Live Audio Capture & Frame Decoding

View as MarkdownOpen in Claude

MeetStream streams real-time meeting audio to your application over a WebSocket connection. Audio arrives as speaker-tagged binary frames from Google Meet, Zoom, and Microsoft Teams — all using the same wire format.


Overview

When you create a bot with the live_audio_required configuration, Meetstream opens a WebSocket connection from the bot to your server and continuously streams binary audio frames for the duration of the meeting.

Enabling Live Audio

Include live_audio_required in your Create Bot API request:

1{
2 "meeting_url": "https://meet.google.com/abc-defg-hij",
3 "live_audio_required": {
4 "websocket_url": "wss://your-server.com/audio"
5 }
6}

The websocket_url is a WebSocket endpoint you host.
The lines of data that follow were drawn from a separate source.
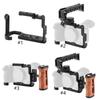 Rotating Top Handle Camera Cage Featuring 360 Degree Rotating for Unobstructed EVF Access During Handheld Use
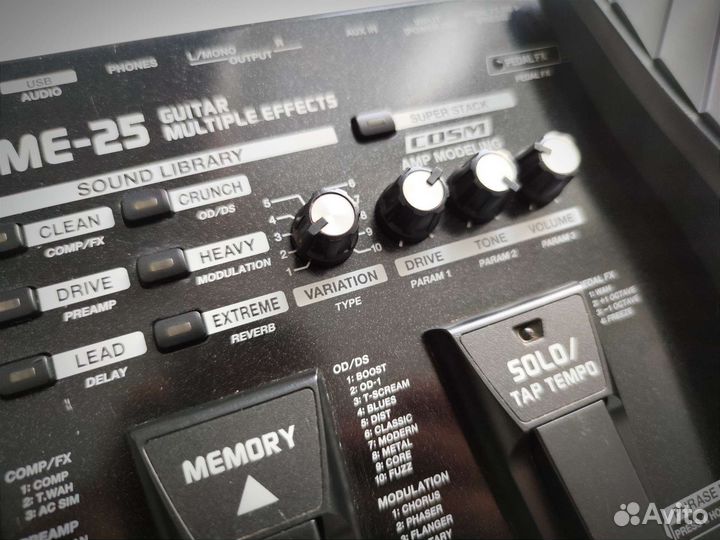 Гитарный процессор Boss ME-25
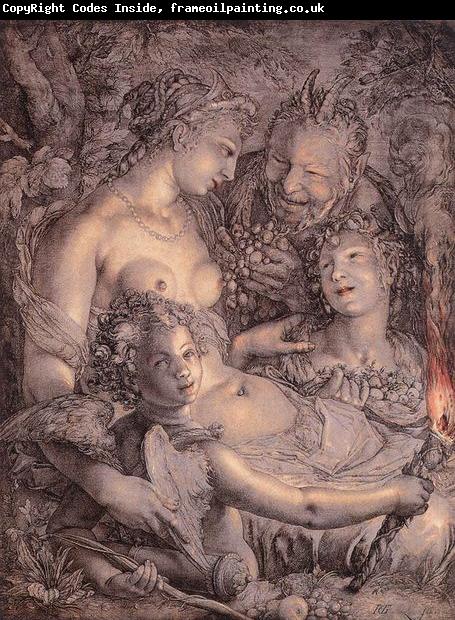 Hendrick Goltzius Sine Cerere et Libero friget Venus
Meetstream connects to it as a client.


Connection Lifecycle

1. Bot connects to your WebSocket endpoint

The bot initiates the connection when it joins the meeting.

2. Bot sends a JSON text handshake

The first message is always a JSON text frame:

1{
2 "type": "ready",
3 "bot_id": "bot_abc123",
4 "message": "Ready to receive messages"
5}

3. Binary audio frames stream continuously

Every subsequent message is a binary WebSocket frame containing PCM audio with embedded speaker metadata. Frames arrive continuously for the duration of the meeting.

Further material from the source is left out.